Etika
Perkawinan Campur Di Dalam Perjanjian Lama
Pendahuluan
Bangsa Indonesia merupakan bangsa yang
multi keberagaman, baik dari segi agama maupun kebudayaan oleh karena itu tidak
mengherankan jikalau timbul perkawinan campur baik dari segi kepercayaan yang
berbeda maupun dari suku dan budaya yang berbeda. Di dalam pembahasan ini, kita
akan melihat bagaimana penerapan perkawinan campur dari Perjanjian Lama,
khususnya kita Ezra dan Maleakhi yang membahas masalah ini. dari pembahasan ini
juga kita akan melihat bahwa apa yang melatarbelakangi perkawinan campur
tersebut. Khususnya bagi bangsa Israel yang pada saat itu kembali dari
pembuangan untuk kembali hidup sebagai umat Tuhan, dalam hal inilah kedua nabi
ini di utus untuk mengajarkan Taurat Musa dan menanggapi masalah yang terjadi
dalam umat yang berdampat bagi kehidupan religius umat.
I.
Pembahasan
II.
Kenapa
Ada Larangan Terhadapa Perkawinan Campur
Dalam tulisan-tulisan PL yang lebih muda
setelah masa Pembuangan, terdapat kesan kuat bahwa perkawinan monogami (hanya
satu orang istri) sangat dihargai dan dilindungi. Menurut Roland de Vaux, pada
dasarnya PL menganut sistem monogami. Poligami, menurutnya, diperbolehkan
sebagai suatu kekhususan atau pengecualian saja, yakni sebagai solusi dalam
soal keturunan[1],
namun ketika bangsa Israel kembali dari pembuangan tahun 538 sM, nabi Ezra yang
diperintahkan oleh raja Artahsasta pada tahun 458 sM ke Yerusalem dengan
membawa kitab Taurat Musa (Neh 8:2 ) untuk diajarkan kepada orang-orang Israel
agar mentaatinya, ia diperhadapkan
dengan perkawinan campur, sikap Ezra ialah melarang perkawinan campur tersebut
antara orang Yahudi dan bukan Yahudi[2]. Kitab
Maleakhi yang mendukung kebijakan Ezra melarang perceraian dan kawin-campur,
menghimbau umat Yehuda yang kembali dari Pembuangan agar berlaku setia terhadap
“istri masa muda” (yang dinikahi sejak awal) karena dialah “teman sekutumu dan
istri seperjanjianmu” (Mal. 2:14-15; band. Ams. 5:18; Pkh. 9:9). Dalam ayat
10-11 Maleakhi menuduh umat Yehuda (Israel) telah berkhianat terhadap
perjanjiannya dengan Allah, karena mereka menyembah allah asing. Pengkhianatan
itu dilukiskan sebagai pengkhianatan terhadap relasi perjanjian dengan Allah.

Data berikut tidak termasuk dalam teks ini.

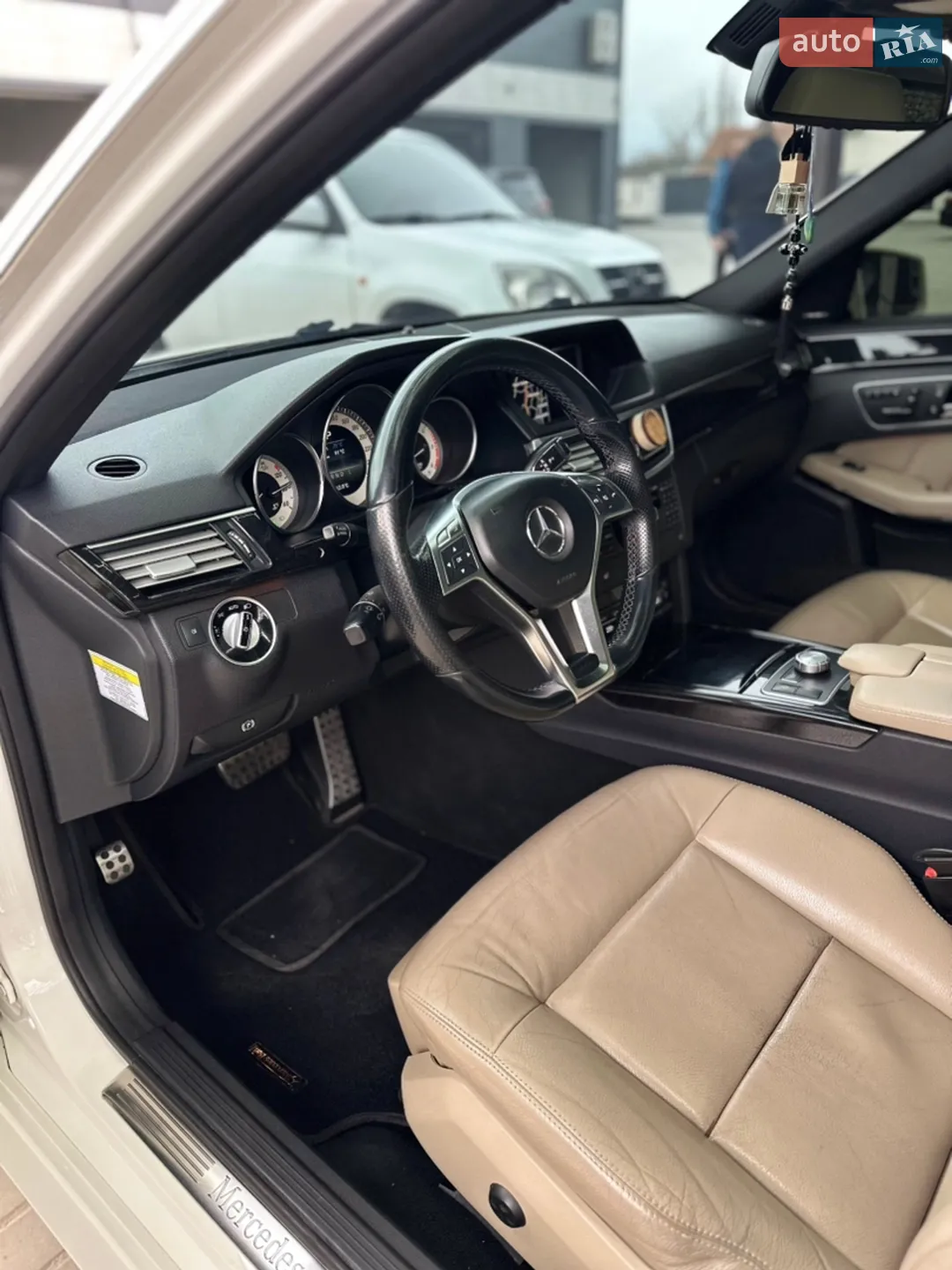 2013 Mercedes-Benz E-klasse - мініатюра 10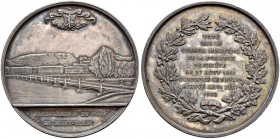 GENF / GENÈVE 
 Kanton 
 Silbermedaille 1862. Auf die Einweihung des Pont Mont-Blanc von A. Bovy. 90.49 g. Schweizer Medaillen 1568 (Br). Stroehlin ...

hal ini dikemukakannya sebagai landasan teologis untuk mengecam perbuatan
orang-orang Yehuda yang menceraikan istri yang dinikahinya sejak pertama agar
mereka dapat menikah dengan perempuan lain dari bangsa-bangsa bukan Israel[3].
III.
Pembahasan
Teks
v Ezra
Ezra adalah seorang Yahudi yang tinggal di
Persia, yaitu tempat dia di angkat sebagai seorang pegawai-tinggi raja Persia,
Artaxerxes I Longimanus (tahun 465-424 SM). Dia adalah seorang imam yang
berasal dari kaum Harun. Gelarnya yang resmi adalah imam dan ahli Taurat Allah
semesta langit (Ezra 7:12,21). Dia diutus ke Yerusalem untuk memeriksa dan
memperbaiki keadaan di Yerusalem dan Yehuda, dengan berpedoman kepada hukum
Allah. sewaktu dia tiba di Yerusalem, dia diperhadapkan dengan
perkawinan-perkawinan campuran, karena itu dia mengambil tindakan melarang
perkawinan-perkawinan tersebut[4]. Sebab pada masa Ezra, perhatian terhadap
kemurnian kultus dan jati diri bangsa Yahudi menuntut keturunan darah yang murni. untuk "ras suci," yaitu, kemurnian Israel
sebagai umat Yahweh. Pemeliharaan hubungan yang benar antara Yahweh dan
umat-Nya hanya dapat dicapai melalui kemurnian ras. Israel adalah umat yang
kudus, dipilih oleh Allah yang kudus (Im xi 44; Isa vi 13), keturunan Abraham
(II Taw7). Israel telah dipisahkan untuk Yahweh (Ul vii 6) sebagai hamba-Nya
(Yesaya1) bagi bangsa-bangsa (Yes 6), yang tidak bisa dilakukan dengan kompromi
melalui mempermudah iman , seperti yang tampak dari pengalaman tidak hanya dari
mereka yang tetap tinggal di tanah selama Pembuangan tetapi juga banyak yang
memilih untuk tetap tinggal di Babel[5].
Keadaan itu dilaporkan kepada Ezra: awam dan juga imam telah mengambil istri
asing, dan lebih jelek lagi sebab mereka itu adalah para pemimpin komunitas.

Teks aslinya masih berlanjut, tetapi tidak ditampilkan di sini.